Este arranjo é explicado por uma importante teoria de formação de planetas. Estrelas jovens emitem radiação intensa que pode retirar gás de planetas próximos em desenvolvimento, deixando para trás Terras sólidas e rochosas. Longe da estrela, as temperaturas mais frias permitem que os planetas retenham atmosferas mais densas, levando à formação de gigantes gasosos.
Um acordo de quebra de regras em torno do LHS 1903
Um sistema recentemente identificado orbitando a estrela LHS 1903 não segue esse roteiro. Descobertas, relatórios ciênciaCentra uma pequena e fraca estrela anã vermelha que é mais fria e menos massiva que o Sol.
Pesquisadores liderados pelo professor Ryan Cloutier, da Universidade McMaster, e pelo professor Thomas Wilson, da Universidade de Warwick, combinaram dados de telescópios na Terra e no espaço para estudar o sistema. Eles inicialmente identificaram três planetas. O mundo interior é rochoso, seguido por dois planetas ricos em gás, como versões menores de Netuno, uma formação que corresponde às expectativas padrão.

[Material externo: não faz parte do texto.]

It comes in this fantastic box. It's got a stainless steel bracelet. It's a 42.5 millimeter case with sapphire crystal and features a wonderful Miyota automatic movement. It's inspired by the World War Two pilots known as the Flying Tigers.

Mas anos de observação adicional trouxeram uma reviravolta inesperada. Novas medições feitas pelo satélite CHOPS da Agência Espacial Europeia revelaram um quarto planeta, denominado LHS 1903 e, orbitando o ponto mais distante da estrela. Surpreendentemente, este mundo exterior parece ser rochoso.

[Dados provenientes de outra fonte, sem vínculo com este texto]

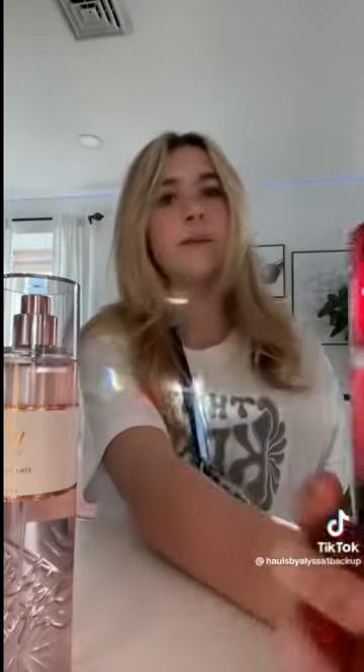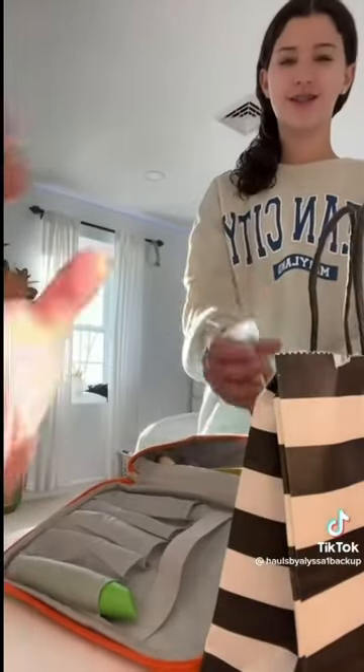Next I went to Bath and Body Works and look at the scent I got — Pure Wonder. I saw a bunch of TikToks talking about how good it smells, and it's not that bad, but it's also not that good. My top two favorites are Thousand Wishes and Warm Vanilla Sugar — Ava even has a mini Warm Vanilla Sugar. Pure Wonder smells good, but not amazing.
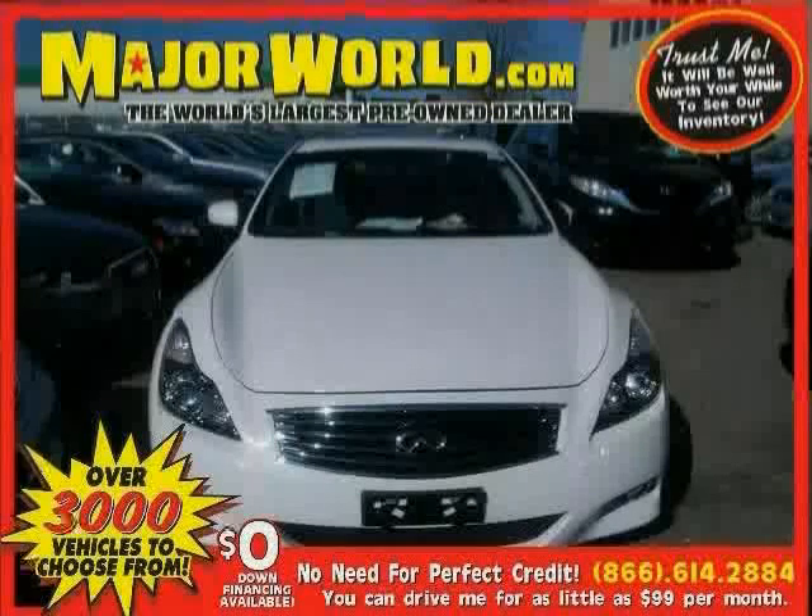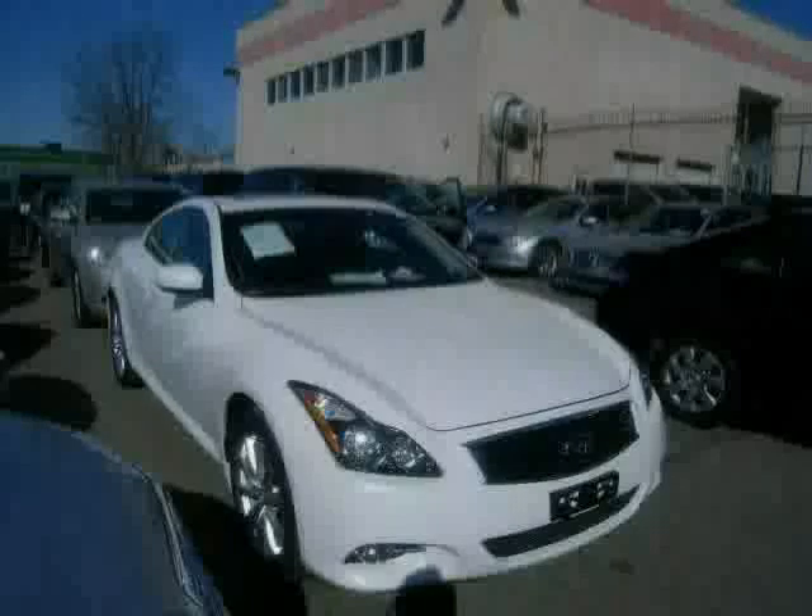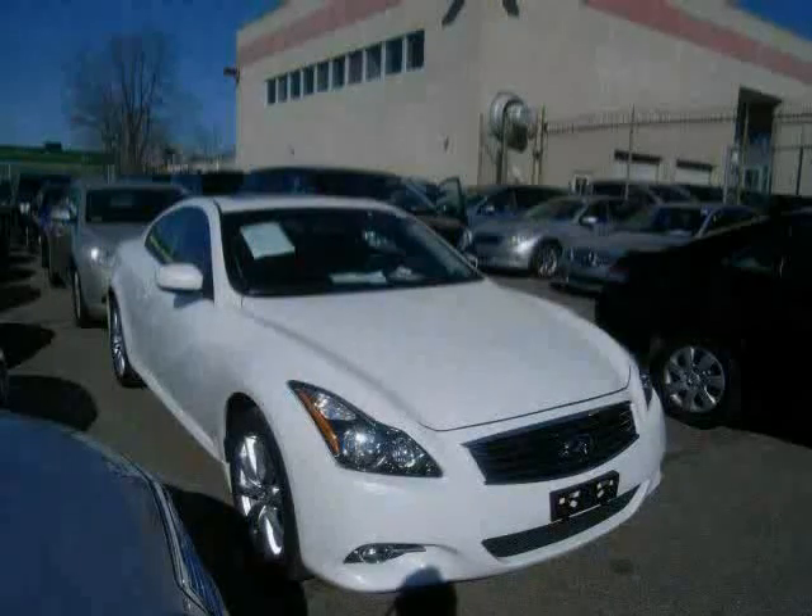Look at this 2011 Infiniti G37 Coupe equipped with power door locks, power windows, power passenger seat, heated mirrors, brake assist, anti-lock brakes, stability control, and traction control.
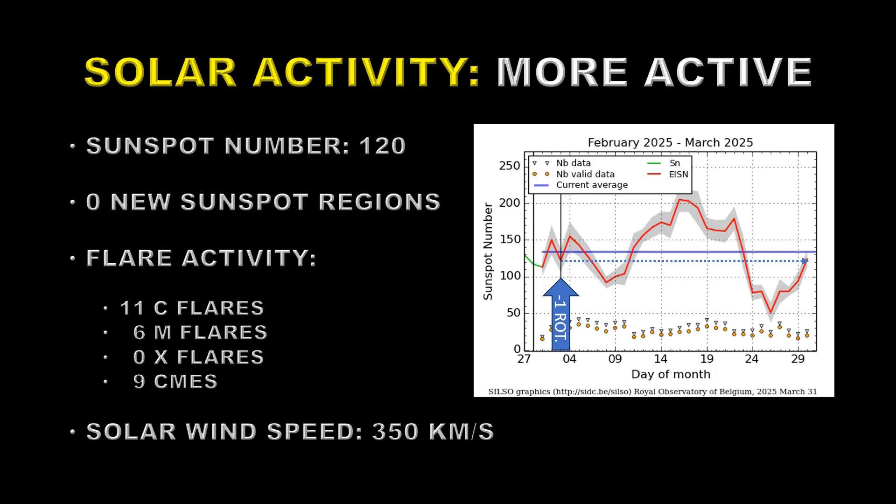Flare activity has been high. We had 11 more C flares today, six M flares, there were no X flares, and we had nine CMEs, which is also an increase. The solar wind speed dropped to about 350 kilometers per second.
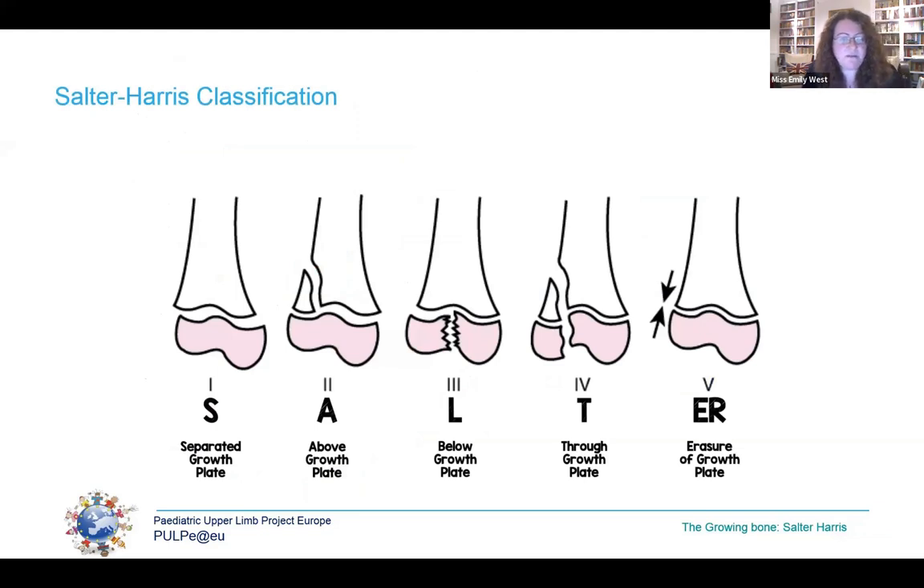A quick reminder of the Salter-Harris classification of growth plate injuries, which governs much of our paediatric fracture management. Graded one to five with increasing severity of growth plate damage. Type 1 is separated or slipped. Type 2 has a fragment above the growth plate and is the most common growth plate injury by a factor of fourfold. Type 3 is below the growth plate, usually an avulsion because the tendon or ligament attachment is stronger than the bone. Types 4 and 5 are high-energy injuries with more severe consequences for future bone growth.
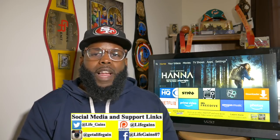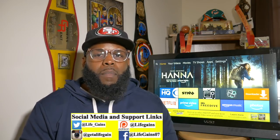Also, go over and like the Facebook Life Games page — it's in the video description — and you can check me out on Instagram.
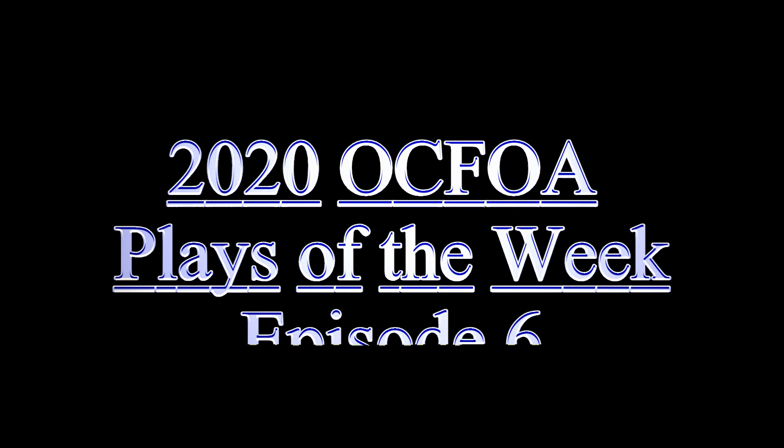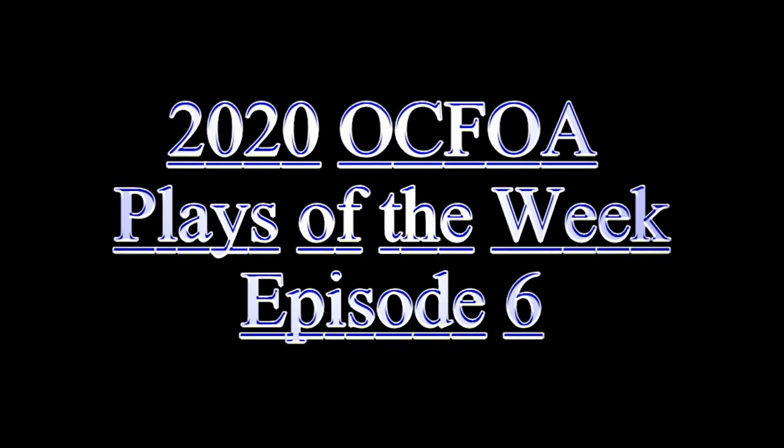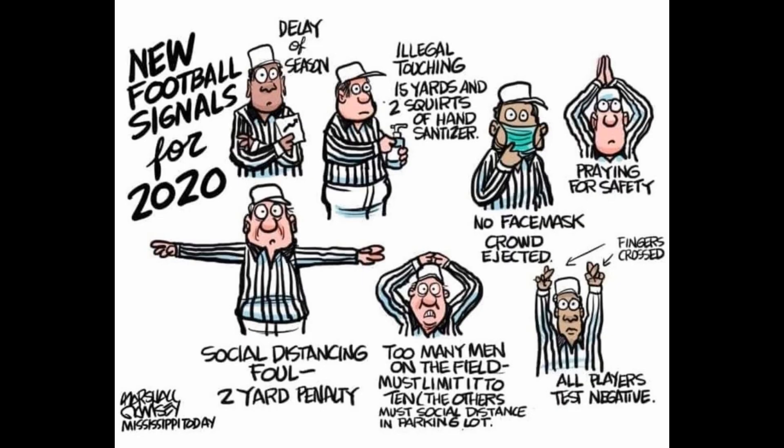Hey, it's Mark Andrews again with Episode 6 of the 2020 OCFOA Plays of the Week. I'm doing pretty good since the season hasn't even started — might set a record for Plays of the Week. I thought I'd start off with some humor before we get into the clips. Take a look at this — it's a cartoon done by Marshall Ramsey, Mississippi Today. Somebody sent it to me and it just cracked me up. It says 'New Football Singles for 2020.'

“Temos visto este padrão: rochoso por dentro, gasoso por fora, em centenas de sistemas planetários. Mas agora, a descoberta de um planeta rochoso na parte exterior de um sistema obriga-nos a repensar o momento e as condições sob as quais os planetas rochosos podem formar-se,” disse Cloutier, professor assistente no Departamento de Física e Astronomia.
Cancelando colisões e trânsitos de planetas
A equipe explorou várias explicações possíveis. Eles consideraram se um impacto gigante teria destruído a atmosfera do planeta. Eles também testaram se os planetas poderiam mudar de posição ao longo do tempo. Simulações computacionais detalhadas e estudos de órbitas planetárias excluem ambos os cenários.
Em vez disso, os resultados apontam para ideias mais inesperadas. Os planetas deste sistema podem não ter se formado simultaneamente. Em vez disso, eles poderiam ter evoluído um após o outro à medida que as condições ao redor da estrela mudavam.
Formação planetária de dentro para fora
Os modelos padrão propõem que os planetas se formam dentro de um disco protoplanetário, uma nuvem rodopiante de gás e poeira em torno de uma estrela jovem. Neste ambiente, aglomerados de material formam os embriões de vários planetas quase ao mesmo tempo. Ao longo de milhões de anos, estes corpos em crescimento evoluem para planetas totalmente formados com diferentes formas e composições.
A formação do sistema LHS 1903 sugere um caminho diferente conhecido como formação planetária de dentro para fora. Neste cenário, os planetas formam-se sequencialmente em ambientes mutáveis. As condições locais no final da formação de cada planeta determinam se este será rico em gás ou rochoso.
Esta estrutura pode explicar a natureza incomum do LHS 1903 e. No momento em que começa a coalescer, a maior parte do gás no disco circundante já pode ter se dissipado, deixando muito pouco material para formar uma atmosfera densa.
“É notável ver a formação de um mundo rochoso num ambiente que não deveria favorecer esse resultado. Isso desafia as suposições incorporadas nos nossos modelos atuais,” disse Cloutier, que acrescentou que a descoberta levanta questões mais amplas sobre se o LHS 1903 é uma anomalia ou um exemplo inicial de um padrão que os cientistas ainda não reconheceram.
“À medida que os telescópios e os métodos de detecção se tornam mais precisos, estamos a fortalecer a nossa capacidade de encontrar sistemas planetários que não são semelhantes aos nossos e que são inconsistentes com teorias de longa data”, diz ele.
“Cada novo sistema acrescenta outro ponto de dados a uma imagem crescente da diversidade planetária – forçando os cientistas a repensar os processos que moldam os mundos em toda a galáxia.”